Just finished shoveling bushels of paper out of my file drawers, reorganizing the file system, and incinerating bank statements, credit card statements, health insurance claim statements, investment records, correspondence, and related junk that dates back to the early 1990s.
Before I started, a four-drawer file cabinet in the garage was chuckablock full of old records, and the five file drawers in my office stuffed to capacity.
Now, after a good six hours of feeding paper into the fireplace, after the liberation of 73 manila file folders and 33 hanging files (not counting the ones I reused on the fly), the garage file cabinet is again chuckablock full, mostly with different records. The firebox is filled with ashes. But at least there’s now a little open filing space in the office.
They say you should keep tax-related documents for seven years and tax returns forever. Highly problematic:
a) If you have a side income from self-employment, where the heck are you supposed to find room in your house to store years’ worth of related paper?
b) Once you’ve stuffed seven years worth of trash in a file cabinet, you tend to forget it. Hence, paper dating back to the Pleistocene, fossilizing in the garage.
Some of this stuff should’ve been donated to a local historic archive, not reduced to ashes in the fireplace.
But some of it… ???
You know, some things could come back to bite, even after the magical seven years have passed.
For example, late in the 20th century, a man whose last name (allegedly) was the same as mine somehow convinced my bank and a bunch of his creditors that I was responsible for his debts. I’d never heard of the guy.
It was difficult to get out from under that. You can easily prove that you did something, but you’ll play hob trying to show that you did not do something.
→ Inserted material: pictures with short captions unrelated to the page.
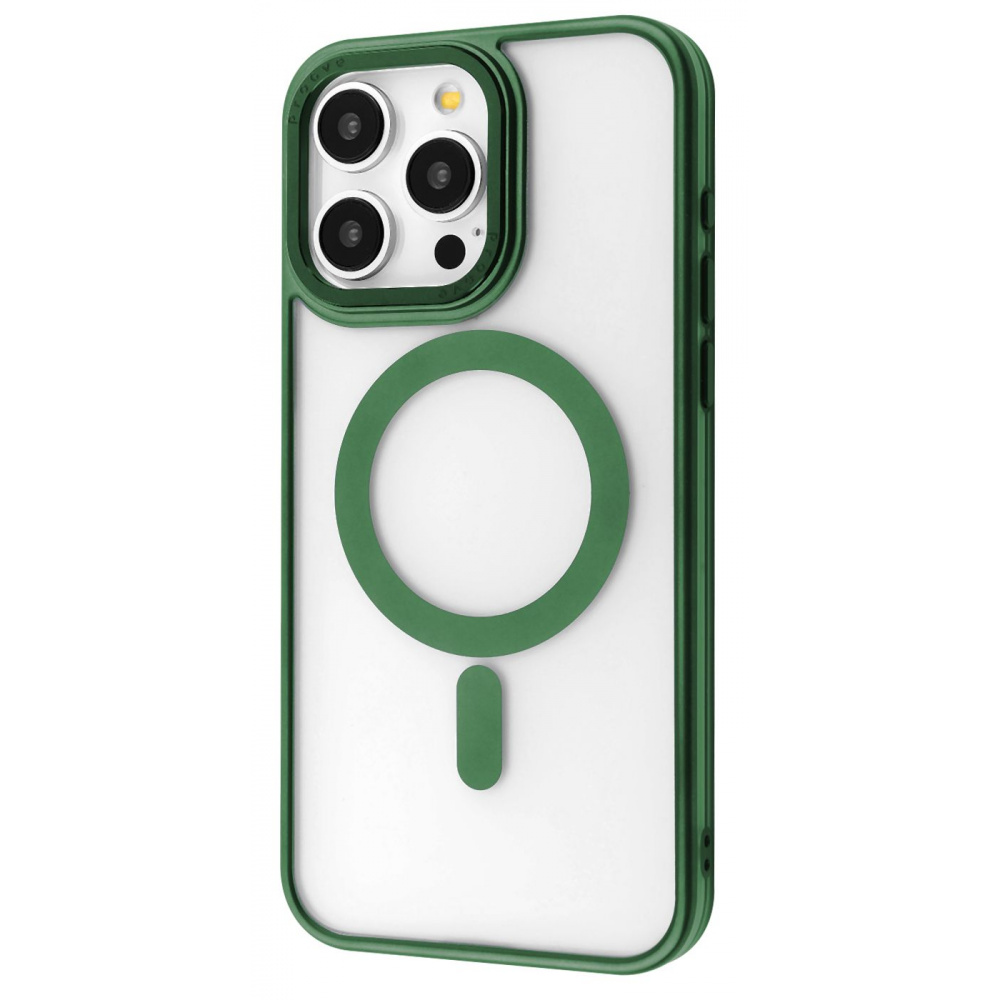 Чехол Proove Blur Case with Magnetic Ring iPhone 15 Pro Max - фото 5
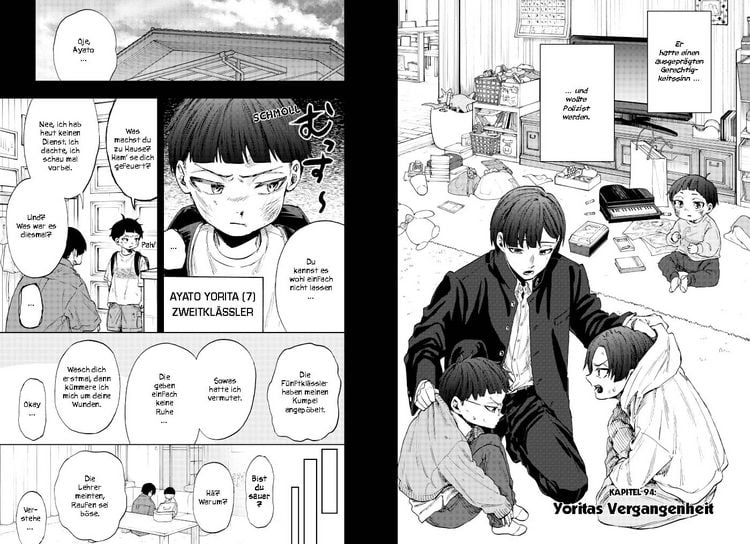 Produktbild: Kaoru und Rin 13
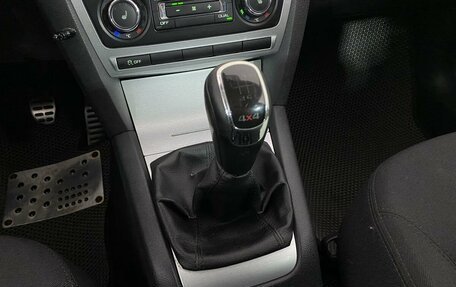 Skoda Octavia, 2012 год, 999 000 рублей, 17 фотография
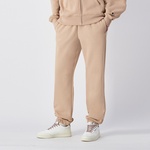 Champion Classic Kadın Bej Eşofman Altı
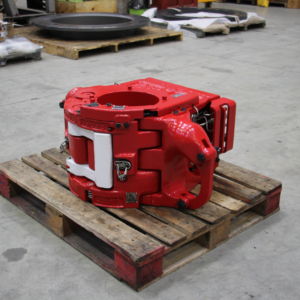 Rigrun Europe Hydraulic Elevator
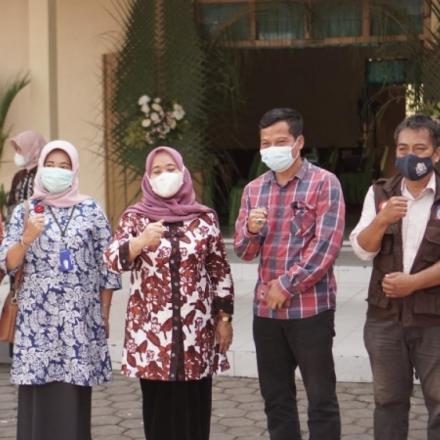 EPDesKel Tingkat Provinsi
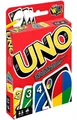 Mattel® Spiel SPIEL UNO KARTENSPIEL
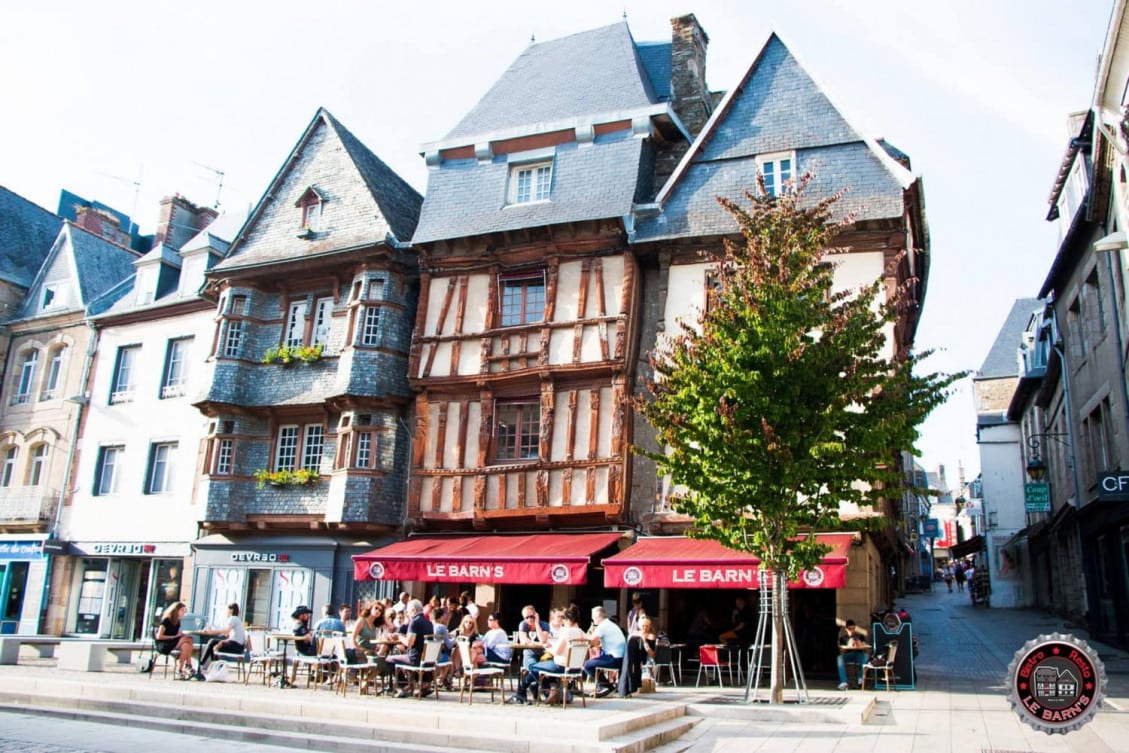 Photo de Le Barn's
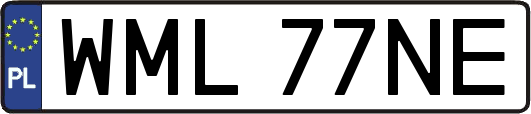 WML77NE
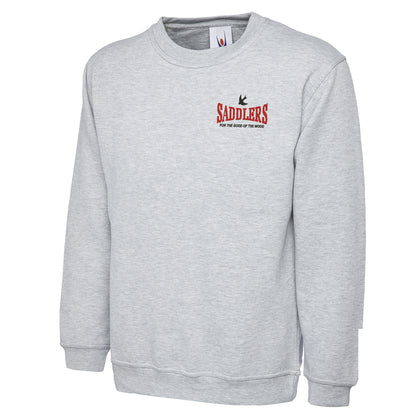 Walsall FC Sweatshirt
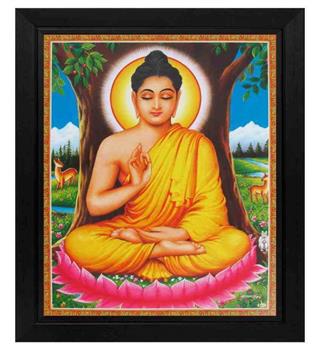 The Qualities of the Buddha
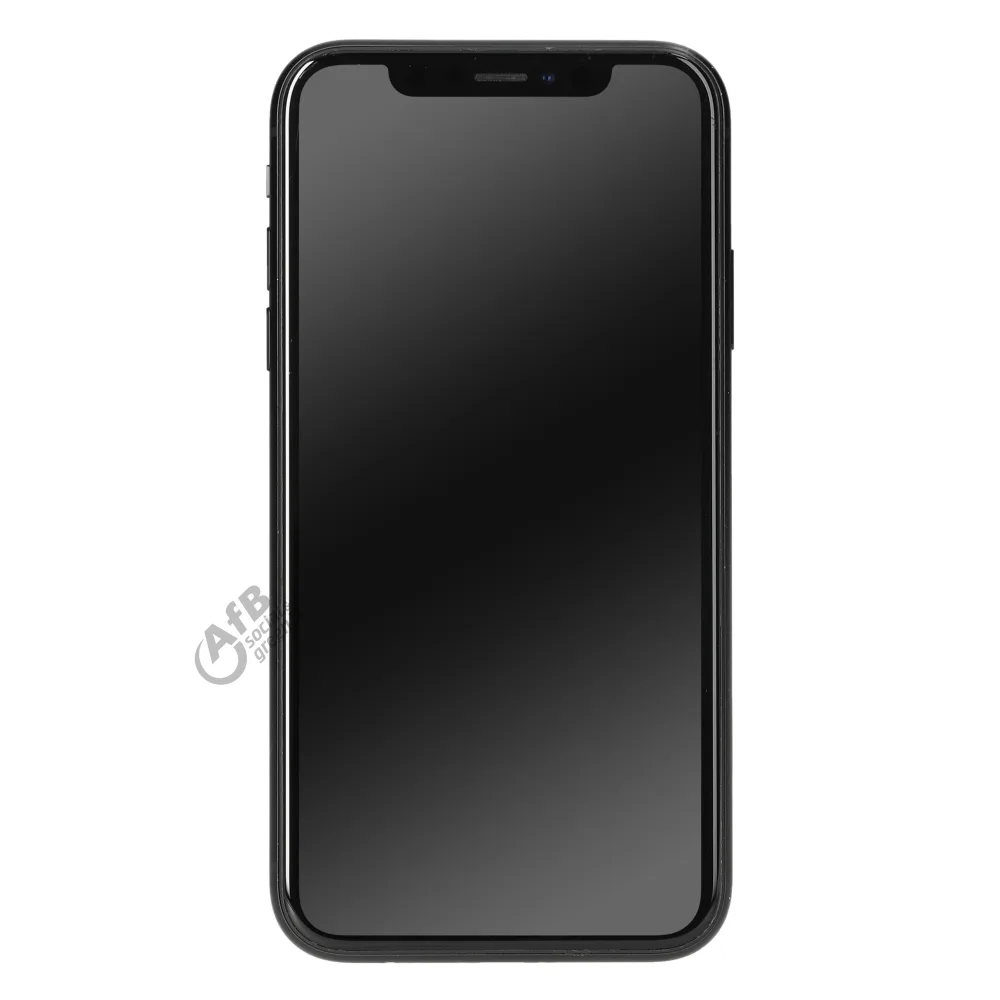 Apple iPhone XRSehr gut - AfB-refurbished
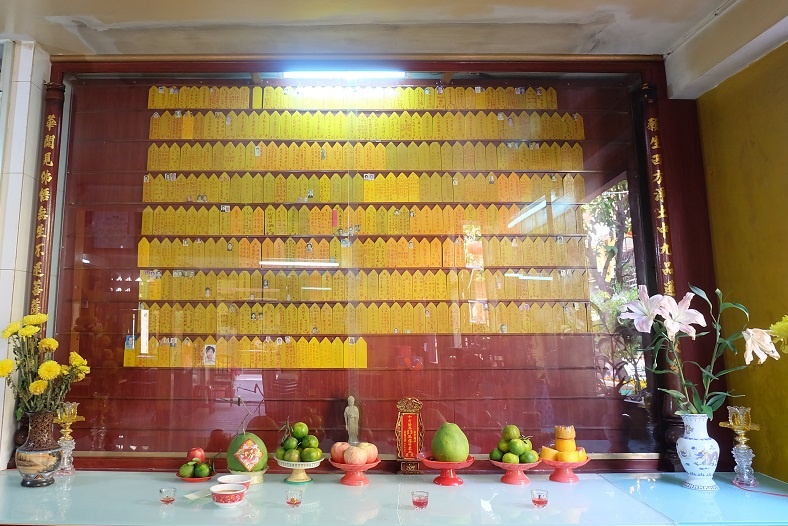 đề nghị bỏ thủ tục đốt vàng mã ảnh 1 de nghi bo thu tuc dot vang ma anh 1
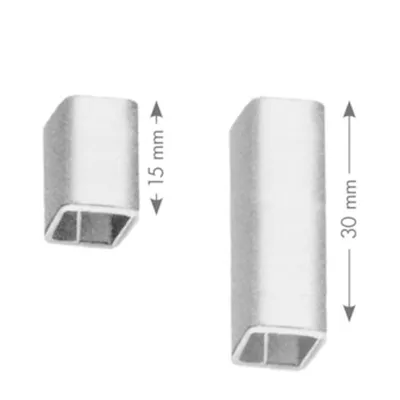 Produktbild von Reduzierhülse 10-9 mm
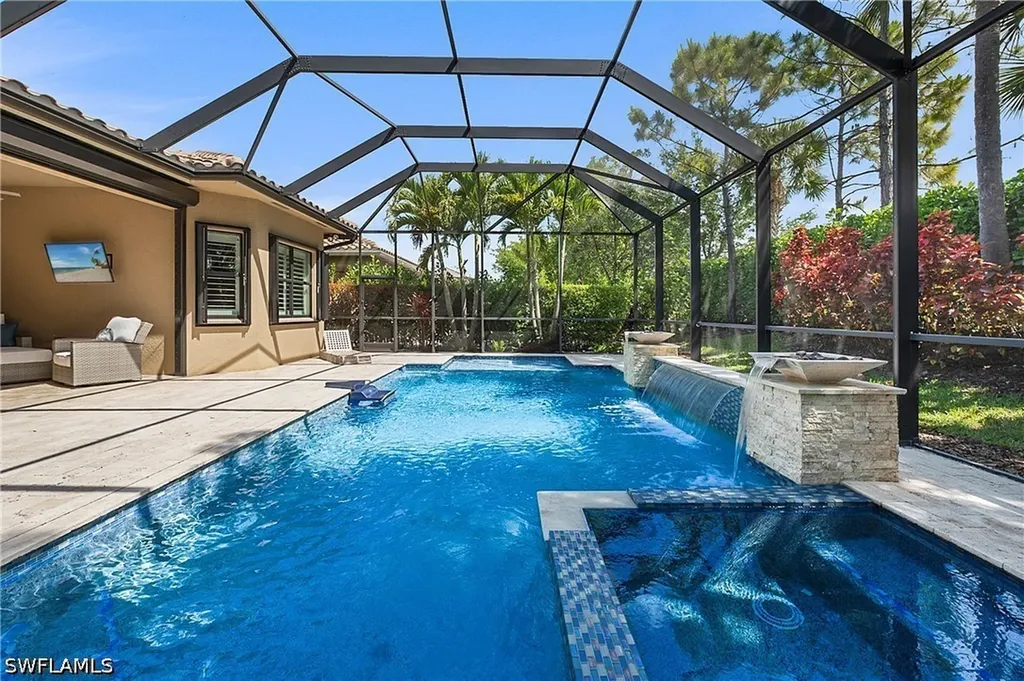 4158 Aspen Chase Drive Naples FL 34119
The ensuing battle dragged on for week after week after week.
Should I throw out all the correspondence, all the paper trail, all the records of how I went about arguing that I was not a deadbeat? Or at least not that deadbeat?
Then there was the time I made a job offer, with the dean’s written permission, to the Southwest’s pre-eminent graphic designer of publications. She, desiring to do the kind of work our office did, turned down a far better-paying job that would have had her doing advertisements and brochures. Then, after she had passed up the other, far superior opportunity, the College reneged! On a written job offer that she had accepted! In writing!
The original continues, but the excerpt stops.